══ Data records

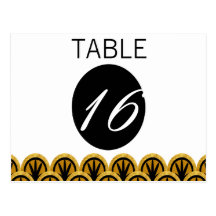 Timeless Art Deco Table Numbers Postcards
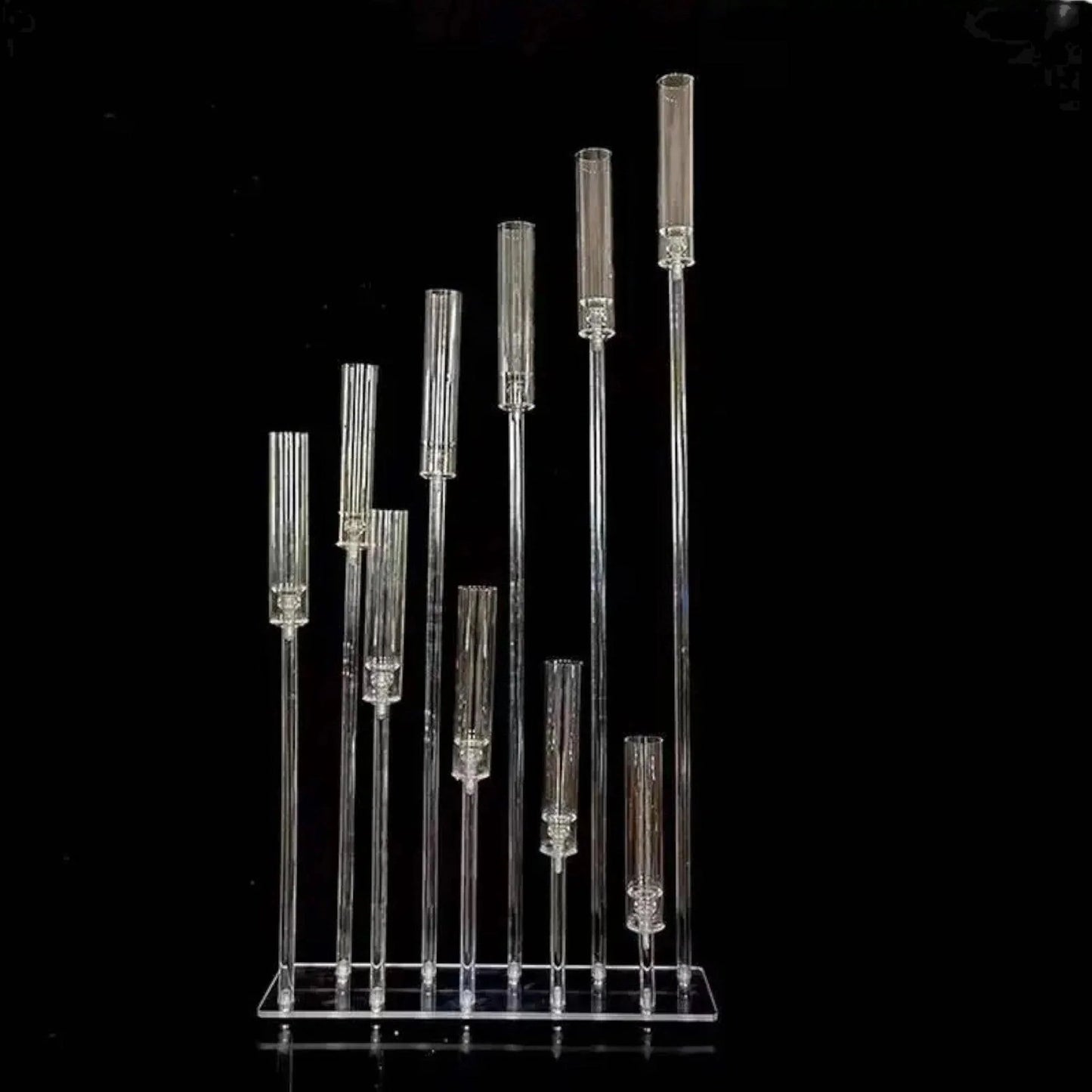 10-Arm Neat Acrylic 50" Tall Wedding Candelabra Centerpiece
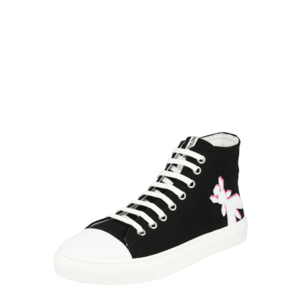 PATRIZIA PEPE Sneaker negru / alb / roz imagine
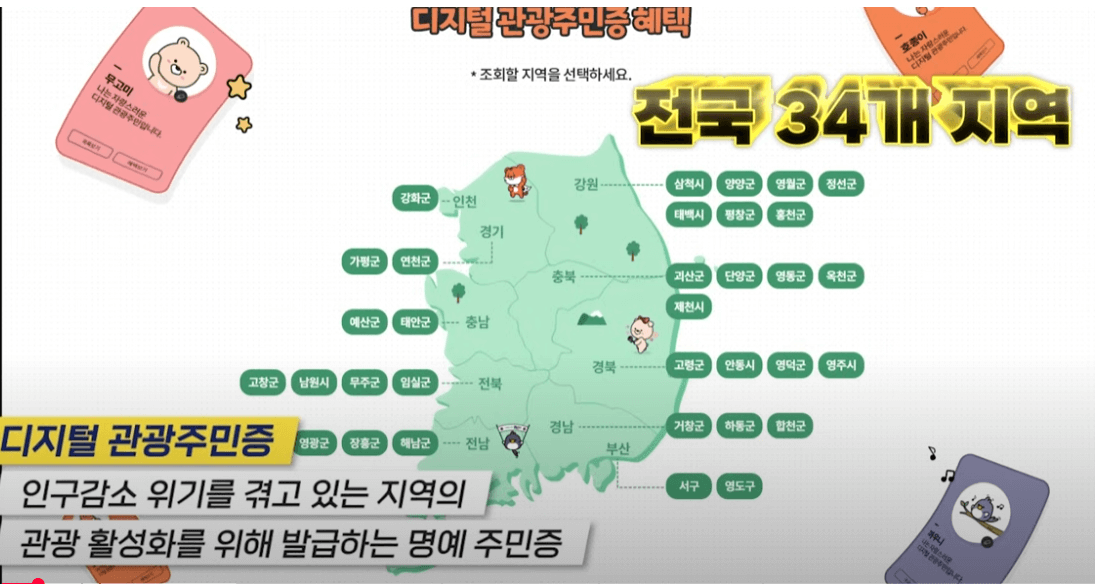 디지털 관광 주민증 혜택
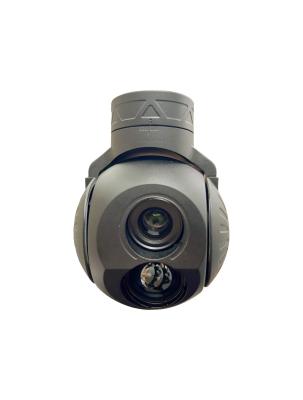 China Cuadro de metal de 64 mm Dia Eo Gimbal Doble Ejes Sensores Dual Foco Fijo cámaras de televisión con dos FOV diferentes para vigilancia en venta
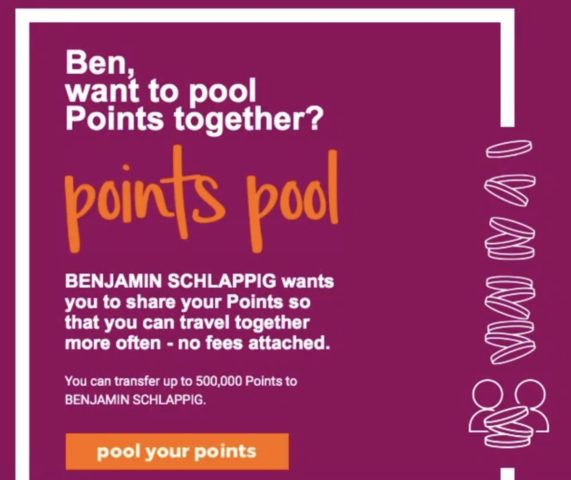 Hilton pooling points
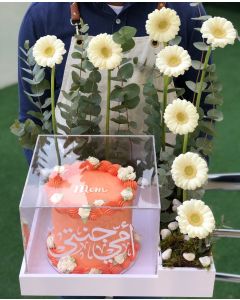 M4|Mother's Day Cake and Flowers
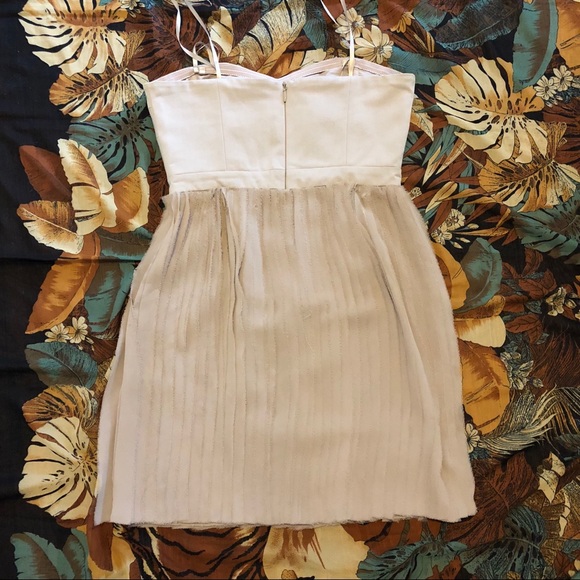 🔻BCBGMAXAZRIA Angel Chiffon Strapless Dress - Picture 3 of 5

════

Task instructions:
Pictures stay out; all other material above is restated word for word.

Output:
 Timeless Art Deco Table Numbers Postcards
 10-Arm Neat Acrylic 50" Tall Wedding Candelabra Centerpiece
 PATRIZIA PEPE Sneaker negru / alb / roz imagine
 디지털 관광 주민증 혜택
 China Cuadro de metal de 64 mm Dia Eo Gimbal Doble Ejes Sensores Dual Foco Fijo cámaras de televisión con dos FOV diferentes para vigilancia en venta
 Hilton pooling points
 M4|Mother's Day Cake and Flowers
 🔻BCBGMAXAZRIA Angel Chiffon Strapless Dress - Picture 3 of 5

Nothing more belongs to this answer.